The usual climate change deniers may scoff and ridicule the now vast number of scientists and experts who unequivocally state that climate change is upon us and that we must all do something about it.      The people of India, who are now suffering hitherto unknown levels of heat, with many dying from the effects of the heat, are another example of what is happening in our world.

In February, President Obama said that the media "absolutely" overstates the risk of terrorism, while many more lives are claimed by climate change and epidemics. Mike Huckabee shot back, telling Fox News, "I assure you that a beheading is much worse than a sunburn."

Perhaps the GOP climate denier and presidential contender should take a trip to India, where a heat wave has claimed the lives of more than 1,800 people, making it the deadliest in over three decades.


While climate deniers may disagree, the increase in extreme weather events around the world — and the deaths they cause — is linked to climate change.
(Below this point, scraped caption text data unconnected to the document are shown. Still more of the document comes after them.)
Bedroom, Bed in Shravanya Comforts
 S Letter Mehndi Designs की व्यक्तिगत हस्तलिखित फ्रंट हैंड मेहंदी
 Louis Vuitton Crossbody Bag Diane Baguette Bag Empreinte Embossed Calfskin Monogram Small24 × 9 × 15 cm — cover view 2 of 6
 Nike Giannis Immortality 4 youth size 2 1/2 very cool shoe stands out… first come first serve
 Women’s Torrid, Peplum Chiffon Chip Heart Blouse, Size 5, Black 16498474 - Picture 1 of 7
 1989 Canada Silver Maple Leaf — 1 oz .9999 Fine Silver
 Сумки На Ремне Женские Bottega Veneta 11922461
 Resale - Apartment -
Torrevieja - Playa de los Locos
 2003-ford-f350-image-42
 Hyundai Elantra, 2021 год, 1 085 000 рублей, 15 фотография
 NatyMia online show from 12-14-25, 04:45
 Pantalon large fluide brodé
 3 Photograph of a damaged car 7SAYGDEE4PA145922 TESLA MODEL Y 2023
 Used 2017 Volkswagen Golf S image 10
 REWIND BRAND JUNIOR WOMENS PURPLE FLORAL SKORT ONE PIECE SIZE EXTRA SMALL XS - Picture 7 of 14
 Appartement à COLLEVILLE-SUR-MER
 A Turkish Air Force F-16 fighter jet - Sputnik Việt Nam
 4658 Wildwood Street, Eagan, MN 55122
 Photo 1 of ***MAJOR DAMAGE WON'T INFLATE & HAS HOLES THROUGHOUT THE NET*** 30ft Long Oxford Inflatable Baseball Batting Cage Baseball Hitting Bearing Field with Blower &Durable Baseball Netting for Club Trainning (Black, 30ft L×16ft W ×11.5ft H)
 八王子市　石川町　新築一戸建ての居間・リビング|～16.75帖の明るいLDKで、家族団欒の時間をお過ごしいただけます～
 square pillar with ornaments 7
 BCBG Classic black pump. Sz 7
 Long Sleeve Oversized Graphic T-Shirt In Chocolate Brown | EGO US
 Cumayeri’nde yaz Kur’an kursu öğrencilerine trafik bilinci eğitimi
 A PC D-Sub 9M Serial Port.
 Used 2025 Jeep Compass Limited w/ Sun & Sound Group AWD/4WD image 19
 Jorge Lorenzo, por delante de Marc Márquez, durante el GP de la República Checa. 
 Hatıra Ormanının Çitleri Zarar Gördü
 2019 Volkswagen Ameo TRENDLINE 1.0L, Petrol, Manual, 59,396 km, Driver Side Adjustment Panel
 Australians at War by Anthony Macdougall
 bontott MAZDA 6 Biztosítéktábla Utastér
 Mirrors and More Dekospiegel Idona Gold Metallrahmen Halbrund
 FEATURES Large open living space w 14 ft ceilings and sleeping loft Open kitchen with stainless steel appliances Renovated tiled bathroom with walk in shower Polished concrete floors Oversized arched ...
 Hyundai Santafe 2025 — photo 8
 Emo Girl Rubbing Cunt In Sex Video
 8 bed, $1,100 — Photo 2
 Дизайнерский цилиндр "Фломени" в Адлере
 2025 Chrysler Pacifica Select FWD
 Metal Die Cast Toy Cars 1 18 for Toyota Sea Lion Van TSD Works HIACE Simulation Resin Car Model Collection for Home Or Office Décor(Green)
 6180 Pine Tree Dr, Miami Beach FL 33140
The India Meteorological Department (IMD), the nation's weather agency, analyzed long-term data from over 100 weather stations and confirmed that as global warming has taken effect, heat waves have become more frequent and more intense, increasing by a third over the past 50 years.

The IMD researchers assert that "the huge increase in the heat wave days during the last decade is mainly caused by the increase in the events associated with three El Niño years (2002, 2004 and 2009)." They say that the deaths in the country following El Niño years in 2003, 2005 and 2010 corroborate this trend.

A 2014 study led by Australia’s Commonwealth Scientific and Industrial Research Organisation found that climate change could double the frequency of super El Niño events. “Under greenhouse warming the eastern equatorial Pacific warms faster than the surrounding regions ... making it easier to have maximum SST (sea surface temperatures) in the eastern equatorial Pacific, and hence more occurrences of extreme El Nino events,” said the study's lead researcher Wenjun Cai."